CLTS is exactly about teaching computers to know about palatal affricates. So, here’s what pyclts (using the CLTS data as reference) would tell us about the “start”:

>>> from pyclts import CLTS
>>> clts = CLTS('clts-data')
>>> bipa = clts.bipa
>>> bipa['dʒ']
<pyclts.models.Consonant: voiced post-alveolar sibilant affricate consonant>
>>> bipa['tʒ']
UnknownSound(ts=<pyclts.transcriptionsystem.TranscriptionSystem object at 0x7f37b517d000>, grapheme='tʒ', source='tʒ', generated=False, note=None)
>>> bipa['d͡ʒ']
<pyclts.models.Consonant: voiced post-alveolar sibilant affricate consonant>
>>> bipa['ǰ']
UnknownSound(ts=<pyclts.transcriptionsystem.TranscriptionSystem object at 0x7f37b517d000>, grapheme='ǰ', source='ǰ', generated=False, note=None)
>>> bipa['tʃ']
<pyclts.models.Consonant: voiceless post-alveolar sibilant affricate consonant>

Not perfect, and UnknownSound is obviously pyclts’ equivalent of a salad fork. But it’s a start, I’d say.

1 Like

Well, I guess it would be truer to say that computers, by default, don’t know a phoneme from a salad fork!

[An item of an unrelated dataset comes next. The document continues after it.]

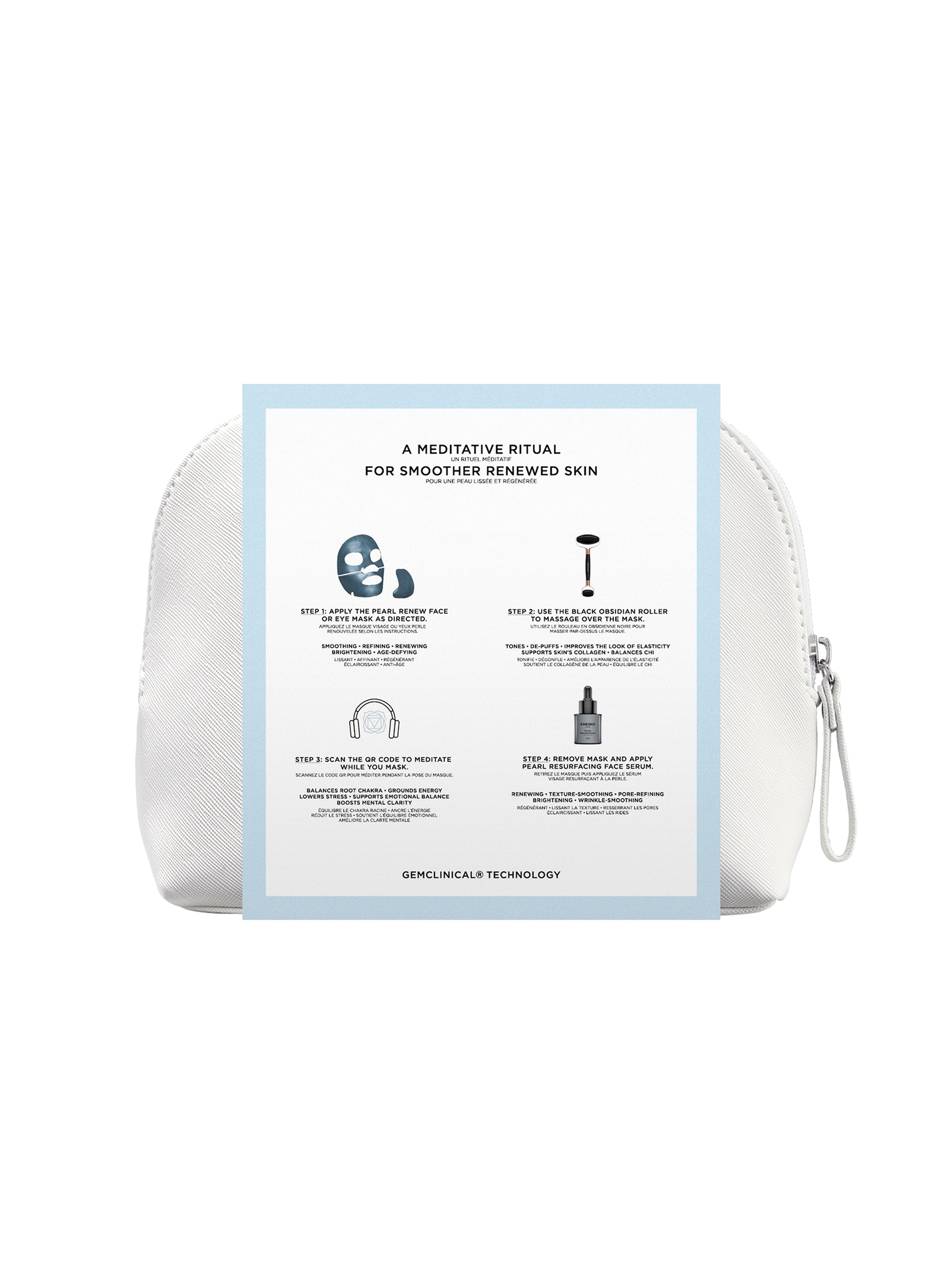 Pearl Renew Refining Facial Set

Sorry for forgetting to mention CLTS (there is at least a short mention here). It must have been a crazy amount of work. :clap:

Features :arrow_right: Graphemes

From my experience in (air-conditioned) fieldwork, a primary difficulty in early days of a project is input. And not just the questions of “where is my character?” “how can I input characters efficiently?”. Both of those are challenging, but the one that I think is the most challenging (and most frequent) is “I heard a sound which I believe has features x, y, and z. Which IPA graphemes do I need?” So for instance, you might say, “that thing sounded like a voiced dental stop «d̪ » . But if it also sounds velarized…”

Then you have to remember that “velarized” maps to «ˠ», superscript gamma.


A database like CLTS is going to be the solution to working with featural phonetic encodings, but there are a lot of user interface questions related to how we actually access and insert that information in a transcription.

I built a sort of feature-based-button-panel thingy in the context of my dissertation, it looks like this:

Online here:

There is plenty of room for experimentation with interfaces like this. Various UI tools for search and input could be designed. So the tool above for instance should be rewritten with BIPA data as the source, but it needs (familiar) feature names for everything. I’m going take a closer look at the source and see if perhaps it’s already there.

This particular topic in digital documentary data always makes me dizzy. So much detail!